Open: An Autobiography
- The front cover of Open
- Author: Andre Agassi
- Language: English
- Genre: Autobiography
- Publisher: HarperCollins
- Publication date: November 9, 2009
- Publication place: United States
- Pages: 404
- ISBN: 9780307388407
- OCLC: 1058108646

= Open: An Autobiography =

Autobiography of professional tennis player

Open: An Autobiography is a memoir written by former professional tennis player Andre Agassi with J. R. Moehringer, published on November 9, 2009.

In the book, the eight-time Grand Slam champion and former world No. 1 details his challenging childhood under the supervision of a demanding father and prolonged struggles with the physical and psychological tolls of professional tennis.

== Reception ==
Despite controversy surrounding Agassi's admission to using methamphetamine in 1997, the book reached No. 1 on the New York Times Best Seller list and was met with critical acclaim. Open "is not just a first-rate sports memoir but a genuine bildungsroman, darkly funny yet also anguished and soulful", Sam Tanenhaus wrote in the New York Times.

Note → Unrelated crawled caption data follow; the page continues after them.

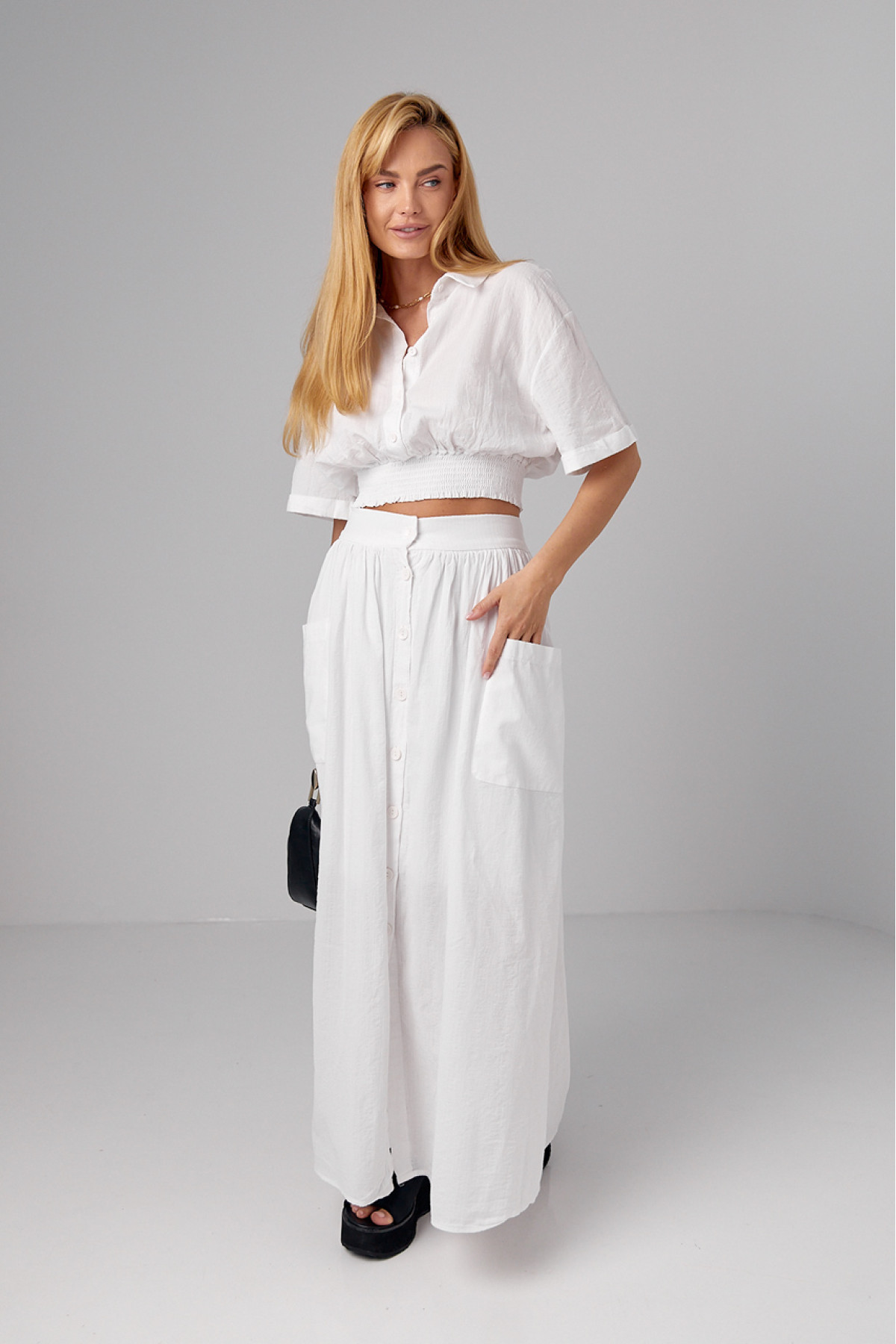 Літній спідничний костюм на гудзиках  білий колір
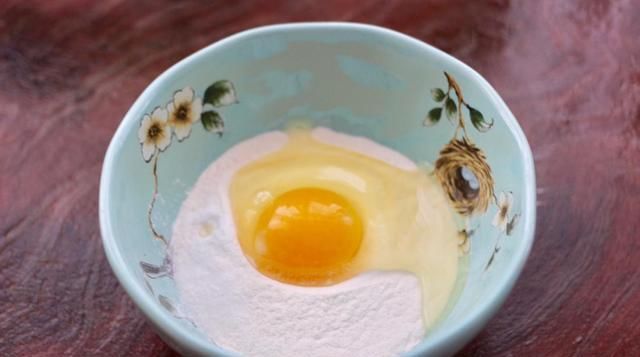  家常|入秋的莲藕最脆，家常版藕盒做法，老公1次能吃10多个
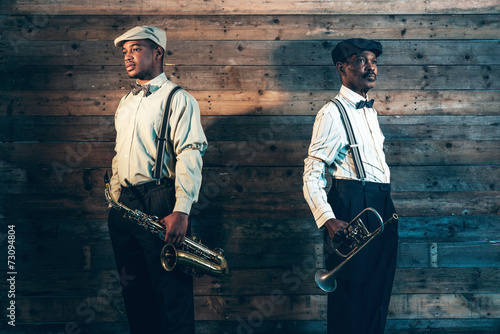 Canvas Print Two african american jazz musicians with trumpet and saxophone s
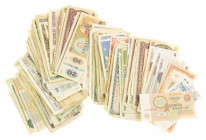 Eastern Europe - Box with c. 135 banknotes Eastern Europe: Russia, Kazachstan etc.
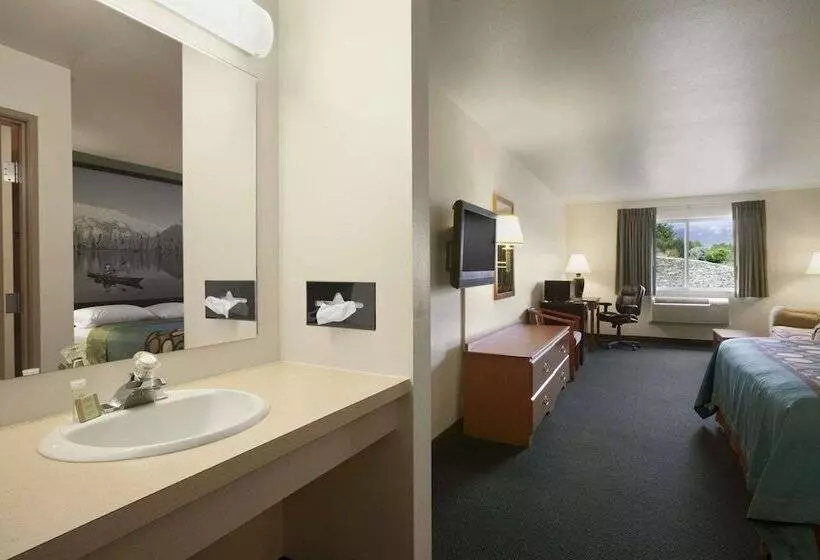 汽车旅馆 Super 8 By Wyndham Salmon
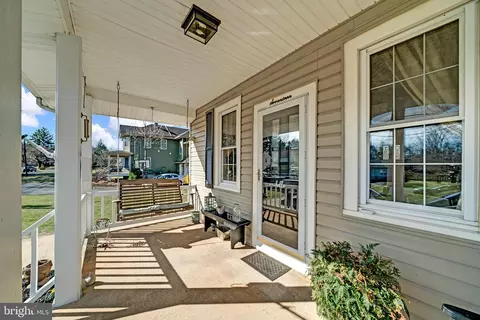 Exterior - 17 Van Duyn Dr, Ewing, NJ 08618 photo 5 of 9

The book was an inspiration for the 2024 film Challengers.

==Summary==
The memoir explores Agassi's journey from a financially disadvantaged upbringing to becoming a successful tennis player. It details his relationship with his father, who was strict and demanding, and his often passive mother, as well as his intense training regimen, which he initially resented. The book describes his personal struggles; the effects of relationships, particularly with actress Brooke Shields and fellow tennis player Steffi Graf; and the transformative experience of fatherhood.